And, you know, I’m currently trying really hard not to remember how her hip felt under my hand or how good she smells.  
Not that I’m going to tell my mother that.  
This is the first thing I’ve ever had that I really can’t tell Mom, isn’t it?  
“Maybe not in so many words, but he does realize that she is in fact a girl.”  Aurelia isn’t upset enough about Arvid not to join in.  
“I’d wager that he might even think she’s pretty.”  Ingrid pokes me irrationally hard in the arm with one of her metal fingers and that’s probably why Smitelout did it, to torture me from yet another angle.  
“Well, maybe he should think about making decisions based on pretty,” Mom gives me that look again.  
“Who’s pretty?”  The chief walks out of the bedroom and Ingrid blinks at him for a second, alarmed like she never is.  I realize it’s the first time she’s seen it, Mom and the chief so casually together like it’s not completely absurd after a lifetime of Mom and Dad.  The chief puts his hand on Mom’s back and reaches for some bread.  “Good morning, Ingrid.”  
“Uh, hey Chief.”  
“So, who’s pretty?” He kisses Mom on the cheek like that much is obvious, and I look and Ingrid and shrug.  She’s a little pale and I don’t blame her, honestly.  

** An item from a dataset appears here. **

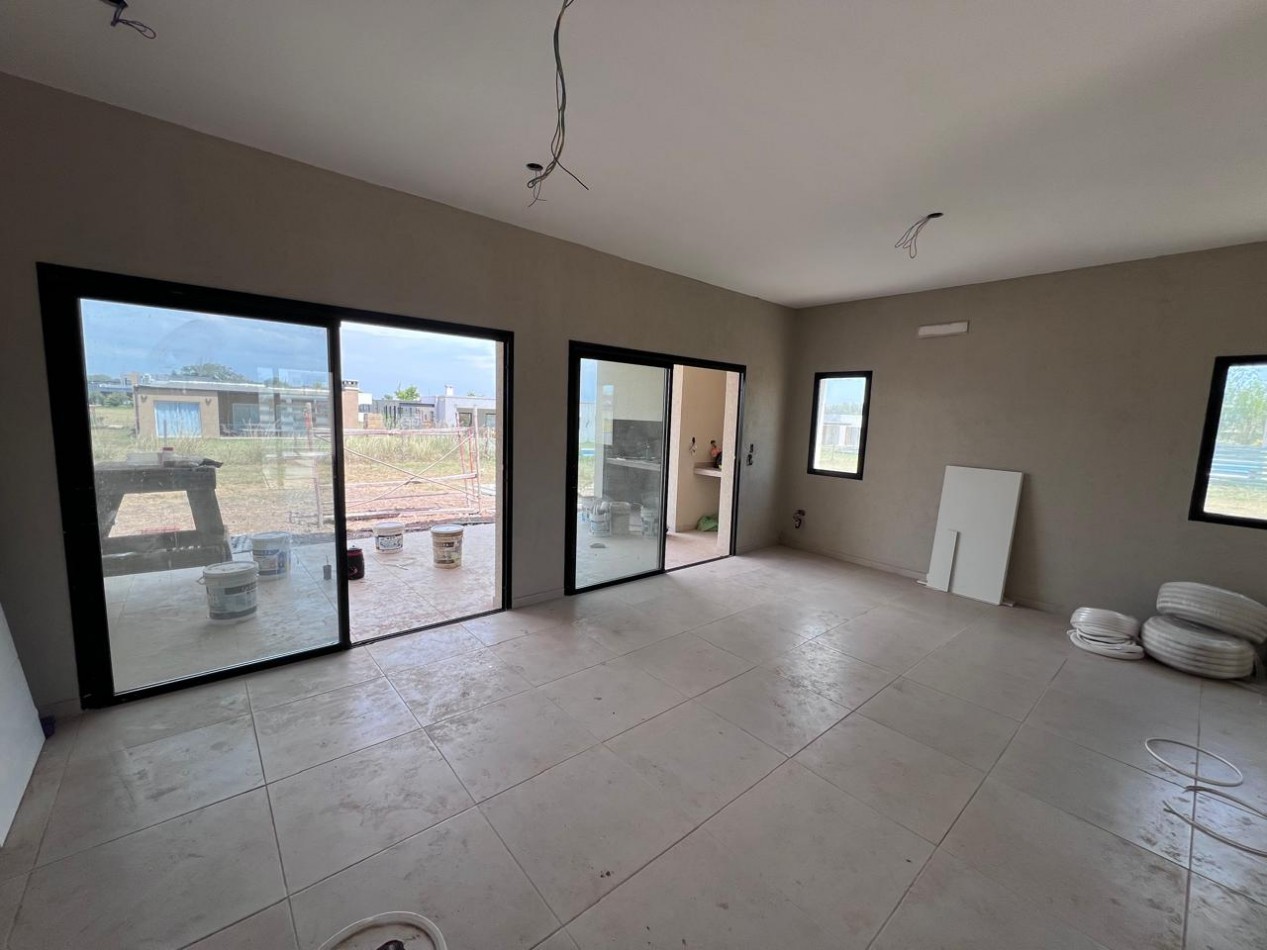 CASA DE DISEÑO EN AREA 13 - OPORTUNIDAD EN OBRA (ENTREGA DIC 2026)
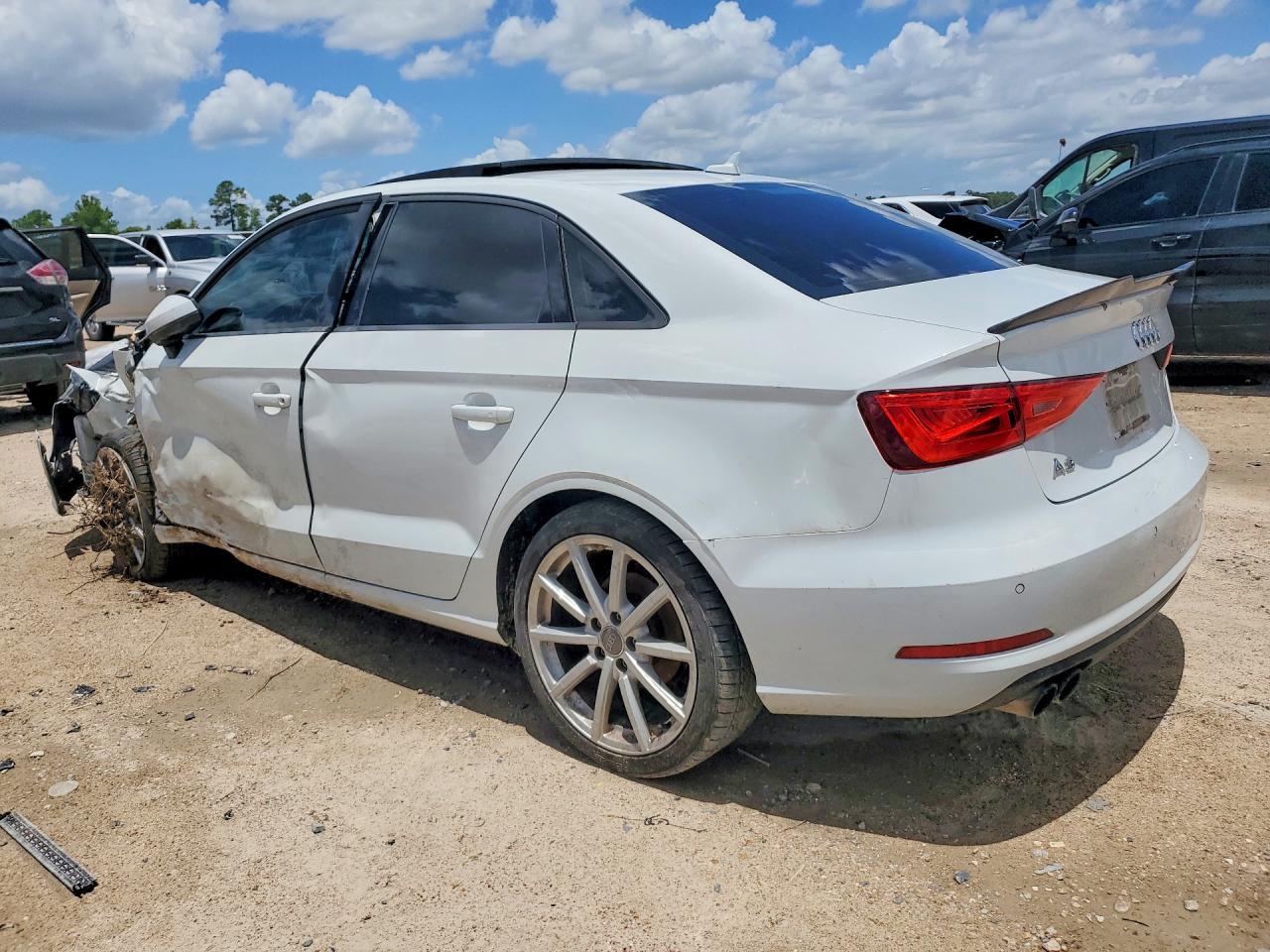 2016 Audi A3 Premium - Фото 2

“Fuse Thorston is, in Eret’s humble opinion,” Aurelia looks at me, daring me to argue with her and I know that’s a trap.  
“I told him to think twice about decisions made on pretty.” Mom looks at the chief like she wants his support in whatever her problem is with talking about Fuse and the chief gives her a look that makes me feel surprisingly vindicated.  
“I’m not sure that’s great advice, Astrid.”  
“I’m just saying—”
“I get what you’re saying, Mom.”  I leave it at that, because I do, because I’ve made decisions based on pretty and that led to following Aurelia around like a lost fireworm.  
“You’re being respectful, right?”  The chief narrows his eyes at me and it’s almost authentically stern.  I laugh.  “No, really, Fuse is a great girl—”
“You’re being serious?” I laugh again, waiting for him to stop and say he’s just joking with me or something.  Because that’s another face that Arvid got, the ‘am I going to have to clean up your romantic mess’ face.  I always got the go-get-‘em face with the bald implication that I would fail. This is a better new face.  “You think I’ve got enough of a chance to be disrespectful?”  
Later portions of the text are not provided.